An Uneasy Quiet in Kashmir Is No Guarantee That All Is Well

The Valley is without disturbance as perhaps never before, but the people’s trust has been broken.

Kashmir

A little over a year ago, on 12 August 2019, the Indian Express carried an article that I had written on the annulment a week earlier of Articles 370/35A that the Supreme Court had several years earlier ruled as “permanent” features of the Constitution. My opening line said, “Narendra Modi and Amit Shah have just created a Palestine on our northern border.”

I have waited nearly 14 months for that to happen. But the Valley is without disturbance as perhaps never before. Jammu has largely welcomed the move. Ladakh was overjoyed to get Union Territory (UT) status and liberate itself from the stranglehold of Srinagar. A raft of development schemes was announced, as was a raft of youth employment schemes. Panchayat elections were held. With impunity, non-Muslims were put in every office of significance in a Muslim-majority state.

A massive wedge was driven between the electorate and the National Conference, in particular, and the old political establishment of the “three families” in general, to the extent that the Kashmiri-in-the street was mocking Sheikh Abdullah’s family with the cry, “Ab bolo, ‘Bharat Mata ki Jai’”. Pakistan had been rendered ineffective in fomenting trouble. The India-China border was so tranquil that President Xi Jinping arrived in Mahabalipuram in October 2019 to a welcome warmer than a fresh masala dosa. Was I totally wrong in my assessment?

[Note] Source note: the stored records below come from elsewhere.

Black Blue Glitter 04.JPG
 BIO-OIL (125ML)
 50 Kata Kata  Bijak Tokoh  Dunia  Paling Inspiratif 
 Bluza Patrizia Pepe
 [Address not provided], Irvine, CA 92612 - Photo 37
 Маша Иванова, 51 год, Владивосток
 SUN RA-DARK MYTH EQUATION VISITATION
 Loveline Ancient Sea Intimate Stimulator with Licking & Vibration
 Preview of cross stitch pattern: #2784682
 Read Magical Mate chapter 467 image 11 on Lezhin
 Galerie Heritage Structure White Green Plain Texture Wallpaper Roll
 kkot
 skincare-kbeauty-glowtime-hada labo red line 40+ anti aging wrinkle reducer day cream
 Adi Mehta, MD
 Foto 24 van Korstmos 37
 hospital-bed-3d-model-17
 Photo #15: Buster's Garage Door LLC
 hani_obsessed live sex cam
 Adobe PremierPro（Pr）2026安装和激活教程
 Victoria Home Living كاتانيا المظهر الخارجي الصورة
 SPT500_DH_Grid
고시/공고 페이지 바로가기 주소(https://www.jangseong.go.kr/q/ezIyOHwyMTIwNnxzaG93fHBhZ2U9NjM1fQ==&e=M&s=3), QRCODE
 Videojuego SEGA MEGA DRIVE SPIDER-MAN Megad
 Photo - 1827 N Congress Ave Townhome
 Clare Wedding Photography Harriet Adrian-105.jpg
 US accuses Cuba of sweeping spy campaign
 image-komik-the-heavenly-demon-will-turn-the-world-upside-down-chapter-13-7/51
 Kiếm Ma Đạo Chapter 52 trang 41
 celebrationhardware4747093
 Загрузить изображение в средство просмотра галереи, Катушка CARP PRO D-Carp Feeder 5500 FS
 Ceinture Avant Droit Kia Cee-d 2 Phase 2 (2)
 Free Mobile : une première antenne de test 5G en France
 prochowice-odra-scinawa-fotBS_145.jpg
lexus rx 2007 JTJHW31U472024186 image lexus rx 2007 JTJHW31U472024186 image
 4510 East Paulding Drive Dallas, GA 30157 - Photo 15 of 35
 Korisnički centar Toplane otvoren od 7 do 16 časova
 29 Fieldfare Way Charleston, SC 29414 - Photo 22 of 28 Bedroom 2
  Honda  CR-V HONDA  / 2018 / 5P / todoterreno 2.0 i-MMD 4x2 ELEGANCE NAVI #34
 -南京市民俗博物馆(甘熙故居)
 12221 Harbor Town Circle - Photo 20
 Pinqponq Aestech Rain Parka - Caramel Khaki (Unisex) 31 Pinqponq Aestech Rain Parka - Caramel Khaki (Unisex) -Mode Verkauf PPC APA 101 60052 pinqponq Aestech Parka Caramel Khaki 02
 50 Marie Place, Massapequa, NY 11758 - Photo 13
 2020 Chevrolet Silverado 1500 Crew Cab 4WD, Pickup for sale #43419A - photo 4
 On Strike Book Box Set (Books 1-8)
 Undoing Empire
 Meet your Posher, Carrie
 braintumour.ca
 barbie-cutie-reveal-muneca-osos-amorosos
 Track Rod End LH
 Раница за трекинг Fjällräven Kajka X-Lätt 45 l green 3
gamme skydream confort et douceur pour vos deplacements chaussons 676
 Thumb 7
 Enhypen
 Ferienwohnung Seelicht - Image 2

So wrong that the satraps of the Central government had slowly retracted many of the restrictions imposed on the normal life of the population. Traffic jams returned to the city. Internet worked – at least in the 2G version. Educational institutions reopened. Shops did brisk business. A team of European Union diplomats issued individual certificates of “normalcy” being visible. The authorities were so confident that the people had learned to live without 370/35A that they even released Omar and Farooq Abdullah (but not Mehbooba Mufti, their erstwhile ally) and allowed them to meet other political “leaders” to issue a second Gupkar Declaration on 22 August 2020. So where was the intifada (an uprising), where was the “Palestine on our northern borders”? Apparently in limbo.

‘Completely disillusioned’

So effective was the Central government’s control of the narrative, they even allowed Farooq Abdullah to attend parliament. The speaker promised him time to speak. In consequence, he was granted one minute at the start of the session and one more at the end. Is this how a self-confident government works?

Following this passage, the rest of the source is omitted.